Zero To One – Peter Thiel
Transforming online payments forever, and making a fortune whilst doing so, Paypal founder Peter Thiel is one of Silicon Valley’s most recognised icons. Zero To One compiles his thoughts and the lessons learned building one of the most successful start ups ever out of what has been the modern California gold rush.
Tinged with Thiel’s trademark outspoken manner, Zero To One covers everything one needs to consider when running a tech business, from teams to monopolies.
Key Takeaway: Be unique. Simple enough, huh? Yet Thiel has some good points to make: it’s not enough for your idea to be unique, it has to be equally valuable.

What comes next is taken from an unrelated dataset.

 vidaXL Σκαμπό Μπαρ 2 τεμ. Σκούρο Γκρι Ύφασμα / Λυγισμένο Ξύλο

However, if it’s both of those, you save yourself a lot of competition and you can swap the hassle of marketing wars for time spent focusing on development.
How I Built This – Guy Raz
The last entry on our list isn’t a biography or memoir per say, but along with its namesake NPR podcast, How I Built This is a must for those interested in business, entrepreneurialism and how some of the world’s most notable brands came to be.
Pulling together the lessons learned from interviews with company founders spanning the likes of Patagonia, Headspace and Dell, to name but a few, the book is the perfect written companion to the award-winning podcast and bursting with insight and human experience.
Key Takeaway: Resilience is key. The stories businesspeople recount to Raz are as much about riding through hard times as they are of smart, innovative ideas. With world-challenging ideas often comes equally large problems and setbacks. The the most successful people batten down the hatches and hold on for dear life until the storm is over.